Eliza was four years old when she was diagnosed with the rare terminal brain disease Sanfilippo Syndrome — sometimes called “childhood Alzheimer's.” A degenerative condition, the syndrome affects the ability to speak, walk and swallow, and eventually causes organ failure. The O’Neill family launched the Saving Eliza campaign and raised more than $3M, largely through social media and crowdfunding, to pay for the clinical trials that made it possible for their daughter to receive the only available treatment for the syndrome. Fu discussed the specifics of the O’Neill case and the practice of gene therapy.


Cara and Glenn O’Neill with researcher Dr. Haiyan Fu (right)

Cara O’Neill, Eliza’s mother, says genetic counselors can make a significant difference for families as the counselor is often the family’s first point of contact and the person who can help them understand complex information and make informed care decisions during a difficult time.

Oncology scientist Dr.

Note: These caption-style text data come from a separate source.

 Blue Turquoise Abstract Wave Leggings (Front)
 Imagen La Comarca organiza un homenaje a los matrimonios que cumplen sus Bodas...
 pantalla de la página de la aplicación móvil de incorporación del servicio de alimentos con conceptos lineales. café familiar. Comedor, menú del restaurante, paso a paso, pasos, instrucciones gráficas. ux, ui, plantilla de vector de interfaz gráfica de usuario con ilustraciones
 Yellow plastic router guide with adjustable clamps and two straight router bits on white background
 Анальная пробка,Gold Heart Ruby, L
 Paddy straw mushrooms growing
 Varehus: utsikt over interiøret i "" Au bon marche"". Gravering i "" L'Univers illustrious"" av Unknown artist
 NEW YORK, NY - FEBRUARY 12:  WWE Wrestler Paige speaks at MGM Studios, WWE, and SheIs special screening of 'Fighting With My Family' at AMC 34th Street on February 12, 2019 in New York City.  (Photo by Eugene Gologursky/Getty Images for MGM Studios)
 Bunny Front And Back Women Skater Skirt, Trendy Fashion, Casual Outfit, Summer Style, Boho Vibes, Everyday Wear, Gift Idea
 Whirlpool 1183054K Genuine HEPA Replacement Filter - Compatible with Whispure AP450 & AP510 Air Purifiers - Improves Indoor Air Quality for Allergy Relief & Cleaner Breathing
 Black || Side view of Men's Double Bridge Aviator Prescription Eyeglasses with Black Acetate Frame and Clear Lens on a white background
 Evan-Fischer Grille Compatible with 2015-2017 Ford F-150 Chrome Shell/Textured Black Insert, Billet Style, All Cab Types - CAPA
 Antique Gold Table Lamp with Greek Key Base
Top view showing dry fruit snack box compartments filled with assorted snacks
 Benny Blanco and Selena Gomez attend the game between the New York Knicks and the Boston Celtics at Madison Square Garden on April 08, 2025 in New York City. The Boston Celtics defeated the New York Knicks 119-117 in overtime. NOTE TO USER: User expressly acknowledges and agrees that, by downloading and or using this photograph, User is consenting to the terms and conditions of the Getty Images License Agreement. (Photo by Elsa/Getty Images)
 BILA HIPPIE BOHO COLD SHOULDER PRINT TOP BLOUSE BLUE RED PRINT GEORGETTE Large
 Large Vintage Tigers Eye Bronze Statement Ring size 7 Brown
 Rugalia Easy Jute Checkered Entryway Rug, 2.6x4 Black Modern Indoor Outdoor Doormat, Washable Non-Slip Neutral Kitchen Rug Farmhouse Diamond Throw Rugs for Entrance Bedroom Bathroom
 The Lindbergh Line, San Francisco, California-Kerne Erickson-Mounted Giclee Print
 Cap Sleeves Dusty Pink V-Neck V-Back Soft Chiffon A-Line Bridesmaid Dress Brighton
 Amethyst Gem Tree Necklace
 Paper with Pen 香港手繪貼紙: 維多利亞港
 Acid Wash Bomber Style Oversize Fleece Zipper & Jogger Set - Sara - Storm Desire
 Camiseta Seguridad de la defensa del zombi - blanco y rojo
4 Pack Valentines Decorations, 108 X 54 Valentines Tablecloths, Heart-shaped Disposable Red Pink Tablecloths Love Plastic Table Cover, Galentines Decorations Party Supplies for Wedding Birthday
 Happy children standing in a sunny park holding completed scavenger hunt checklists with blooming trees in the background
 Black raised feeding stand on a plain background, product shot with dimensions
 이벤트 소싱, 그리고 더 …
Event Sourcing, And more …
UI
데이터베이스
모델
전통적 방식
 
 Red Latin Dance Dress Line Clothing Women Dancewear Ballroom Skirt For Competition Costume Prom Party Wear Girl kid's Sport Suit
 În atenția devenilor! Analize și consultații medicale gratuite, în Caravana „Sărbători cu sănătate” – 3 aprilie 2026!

Uri Tabori of the University of Toronto Hospital for Sick Children, or SickKids, also spoke about his efforts to find a cure for a genetic disorder that has affected a Midlands family.

28 year-old Columbia woman Becca Jean Garner died earlier this year from the rare and devastating disease biallelic mismatch repair deficiency syndrome, or BMMRD, which causes multiple cancers in young people. Two of her sisters have also been diagnosed with the disorder. The family learned about Tabori’s work after connecting with other BMMRD patients on social media sites, and went on to create Love Always Becca Jean, a website and foundation that helps to raise awareness and fund the SickKids research.


Becca Jean Garner’s family with oncologist and scientist Dr. Uri Tabori (back row)

Additional symposium highlights included talks by Baylor College of Medicine professor Dr. Magdalena Walkiewicz, prominent genetic counselors Quinn Stein and Julianne O’Daniel, and biotechnology expert Kelly East.